_DATA EXTRACT_.
[Start of Attachment]

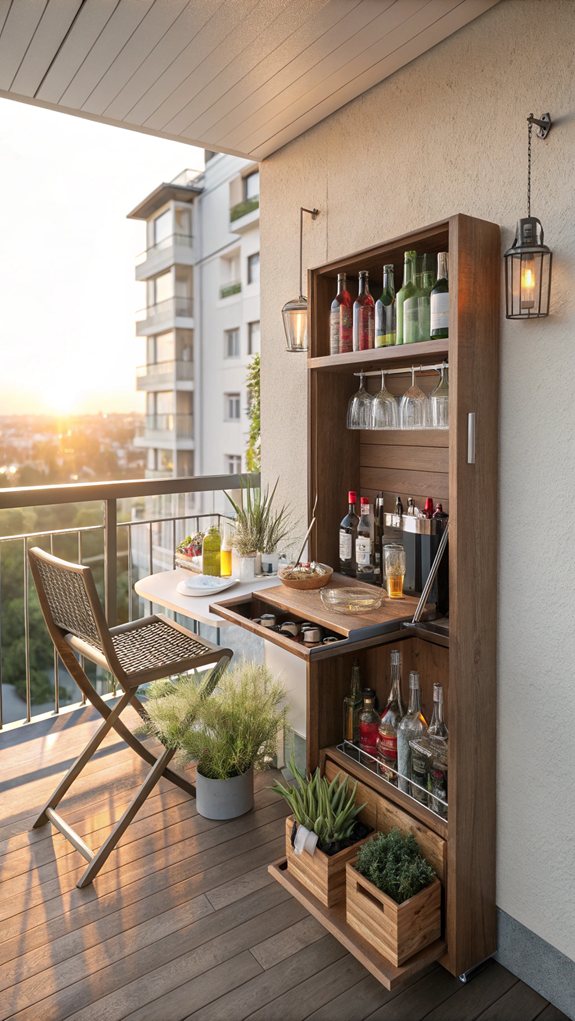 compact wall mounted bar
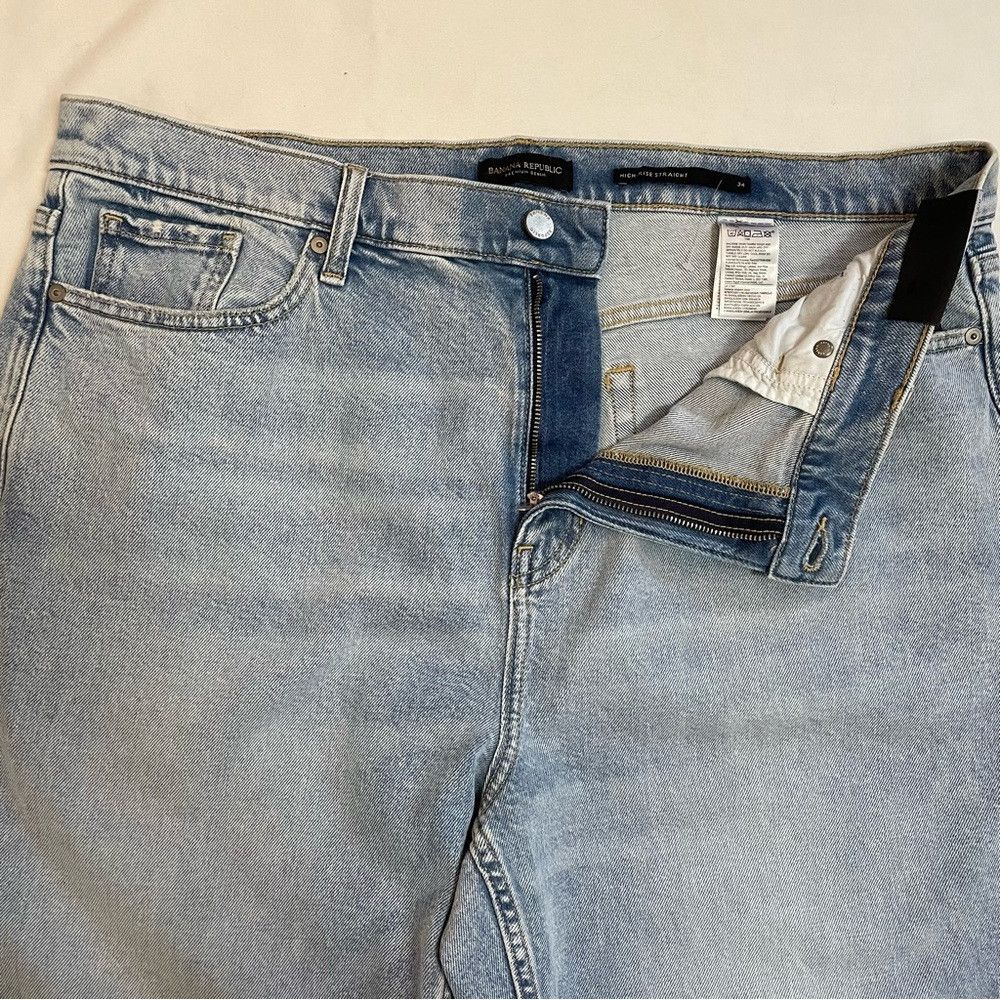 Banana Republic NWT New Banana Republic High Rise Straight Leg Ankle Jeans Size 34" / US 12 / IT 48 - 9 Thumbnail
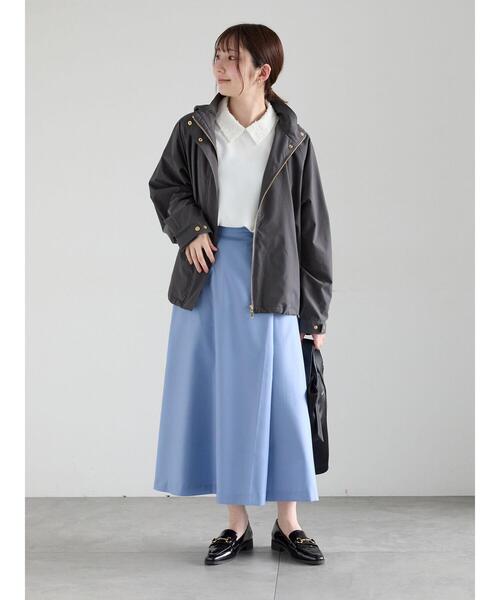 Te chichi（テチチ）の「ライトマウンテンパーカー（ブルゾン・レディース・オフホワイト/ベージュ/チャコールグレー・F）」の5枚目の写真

[End of Attachment]

_WHAT TO WORK ON_.
Output all of the listing above, exactly as given, but without its pictures.

_ANSWER BELOW_.
 compact wall mounted bar
 Banana Republic NWT New Banana Republic High Rise Straight Leg Ankle Jeans Size 34" / US 12 / IT 48 - 9 Thumbnail
 Te chichi（テチチ）の「ライトマウンテンパーカー（ブルゾン・レディース・オフホワイト/ベージュ/チャコールグレー・F）」の5枚目の写真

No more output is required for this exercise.